0

I have many large 1D arrays and I'd like to grab the unique values. Typically, one could do:

x = np.random.randint(10000, size=100000000)
np.unique(x)

However, this performs an unnecessary sort of the array. The docs for np.unique do not mention any way to retrieve the indices without sorting. Other answers with np.unique include using return_index but, as I understand it, the array is still being sorted. So, I tried using set:

set(x)

But this is way slower than sorting the array with np.unique. Is there a faster way to retrieve the unique values for this array that avoids sorting and is faster than np.unique?

slaw
  • 6,591
  • 16
  • 56
  • 109
  • 1
    You can use pandas : `pd.Series(x).unique()`. Seems a bit faster. – Divakar Feb 12 '20 at 21:02
  • Sorting is needed to efficiently check for duplicates especially when the arrays become larger so I think the most efficient algorithm includes sorting 'under the hood' . – BramAppel Feb 12 '20 at 21:08
  • @Divakar I was hoping to keep this in NumPy-land in order to avoid adding an additional package dependency since I expect to open source the code. I want to make sure that the juice is worth the squeeze – slaw Feb 12 '20 at 21:10
  • pandas is just as *open* as NumPy. – Divakar Feb 12 '20 at 21:11
  • @BramAppel If the output order is not important, then I would expect this to be an O(`n`) time complexity since we can stuff the results into, say, a dictionary. Right now, with `np.unique`, it would be O(`n*log(n)`) – slaw Feb 12 '20 at 21:12
  • @Divakar the emphasis is on `dependency` :) But your original point is well taken! I was just surprised to see that there isn't an option to do get unique values without sorting and assumed that I was overlooking something. – slaw Feb 12 '20 at 21:13
  • @slaw I see. The only difference being that you take the first duplicate in np.unique and the last duplicate using the dict approach which makes no difference for the result of coarse. – BramAppel Feb 12 '20 at 21:17
  • 1
    `unique` works by sorting, and then looking for adjacent matching values. Whether you ask for the index or not, it doesn't change the basic mechanism. `set` uses Python's hashing (which is also used for `dict`). Is there some other, more efficient, approach? – hpaulj Feb 12 '20 at 21:51
  • @hpaulj in my timing tests, `pd.Series(x).unique()` is around 5x faster than both `np.unique(x)` and `set(x)` where `x.shape[0]` is `1_000_000_000` in length – slaw Feb 13 '20 at 03:03
  • And the `pd` `unique` docs say it's hash based (and undoubtedly compiled). – hpaulj Feb 13 '20 at 03:33
  • Yeah, I have a `numba.njit` function somewhere around here that does this, and it's quite a bit faster than `np.unique` - but OP doesn't want extra dependencies – Daniel F Feb 13 '20 at 09:45

2 Answers2

1

If your values are positive integers in a relatively small range (e.g. 0 ... 10000), there is an alternative way to obtain a list of unique values using masks: (see unique2() below)

import numpy as np

def unique1(x):
    return np.unique(x)

def unique2(x):
    maxVal    = np.max(x)+1
    values    = np.arange(maxVal)
    used      = np.zeros(maxVal)
    used[x]   = 1
    return values[used==1]

# optimized (with option to provide known value range)
def unique3(x,maxVal=None):
    maxVal    = maxVal or np.max(x)+1
    used      = np.zeros(maxVal,dtype=np.uint8)
    used[x]   = 1
    return np.argwhere(used==1)[:,0]

In my tests this method is a lot faster than np.unique and it does not involve sorting:

from timeit import timeit
count = 3
x = np.random.randint(10000, size=100000000)

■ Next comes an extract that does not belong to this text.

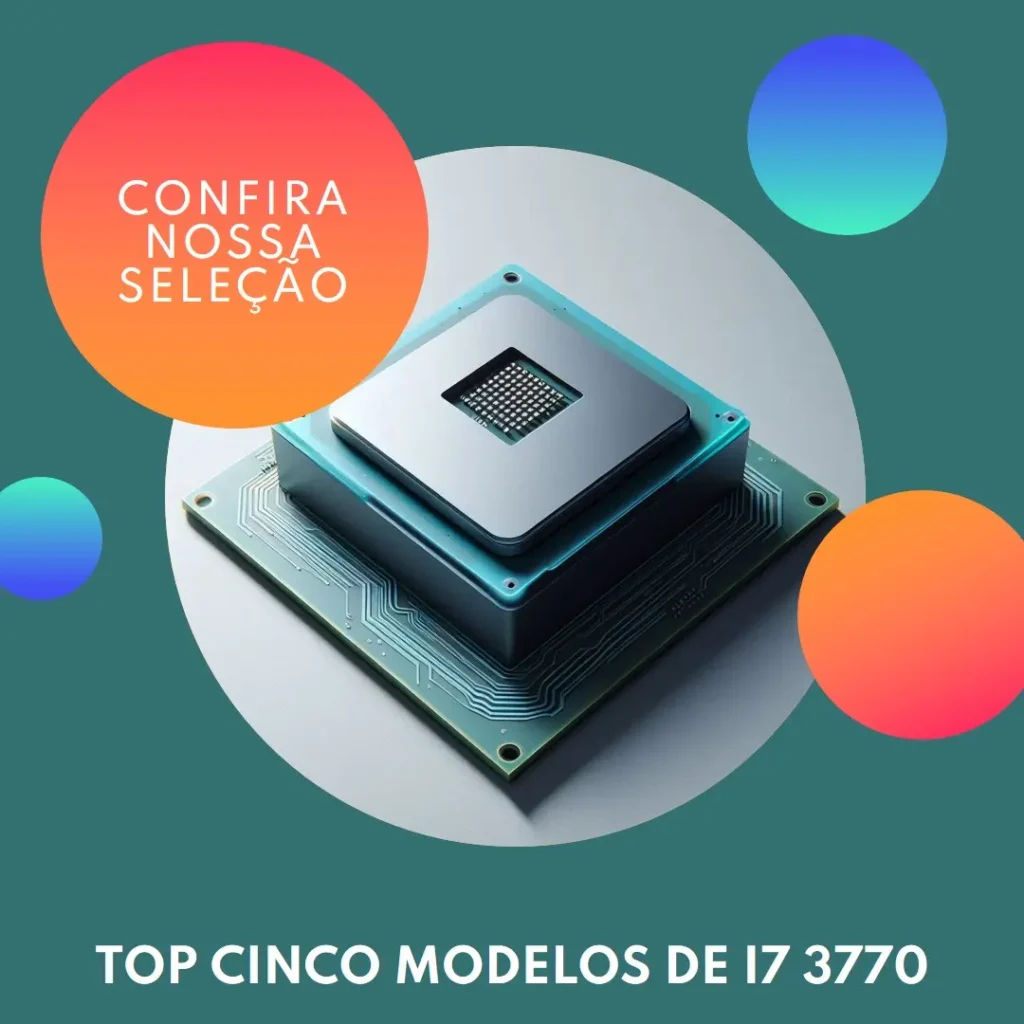 Top Cinco Modelos de processador i7 3770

t = timeit(lambda:unique1(x),number=count)
print("unique1",t)

t = timeit(lambda:unique2(x),number=count)
print("unique2",t)

t = timeit(lambda:unique3(x),number=count)
print("unique3",t)

t = timeit(lambda:unique3(x,10000),number=count)
print("unique3",t, "with known value range")

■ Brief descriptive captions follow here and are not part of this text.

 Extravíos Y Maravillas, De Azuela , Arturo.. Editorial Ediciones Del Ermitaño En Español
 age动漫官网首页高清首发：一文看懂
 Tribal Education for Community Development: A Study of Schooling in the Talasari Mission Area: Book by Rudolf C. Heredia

# unique1 16.894681214000002
# unique2 0.8627655060000023
# unique3 0.8411087540000004
# unique3 0.5896318829999991 with known value range
Alain T.
  • 40,517
  • 4
  • 31
  • 51
  • You should create the zeroes with`dtype=uint8`. IIRC dtype=bool doesn't do anything useful. – o11c Feb 12 '20 at 23:29
  • Note also that `gmpy2.xmpz` can be used as a bitvector for more memory-efficiency (and also avoids the temporaries). but doesn't allow the `values[array]` trick so will cost a lot more CPU unless you're using something that JITs your loops. – o11c Feb 12 '20 at 23:30
  • I merely wanted to point out an alternative method with orders of magnitude improvements in speed. I agree that it can be further improved by a few % with low level optimizations (e.g. using unit8 shaves off 3%). – Alain T. Feb 12 '20 at 23:36
0

Just in case you change your mind about dependencies, here's a dirt simple numba.njit implementation:

import numba

@numba.njit
def unique(arr):
    return np.array(list(set(arr)))


%timeit unique(x) #using Alain T.'s benchmark array
2.64 s ± 799 ms per loop (mean ± std. dev. of 7 runs, 1 loop each)

%timeit np.unique(x)
5.45 s ± 233 ms per loop (mean ± std. dev. of 7 runs, 1 loop each)

Not as lightning fast as Above, but doesn't require positive integer inputs, either.

Daniel F
  • 13,620
  • 2
  • 29
  • 55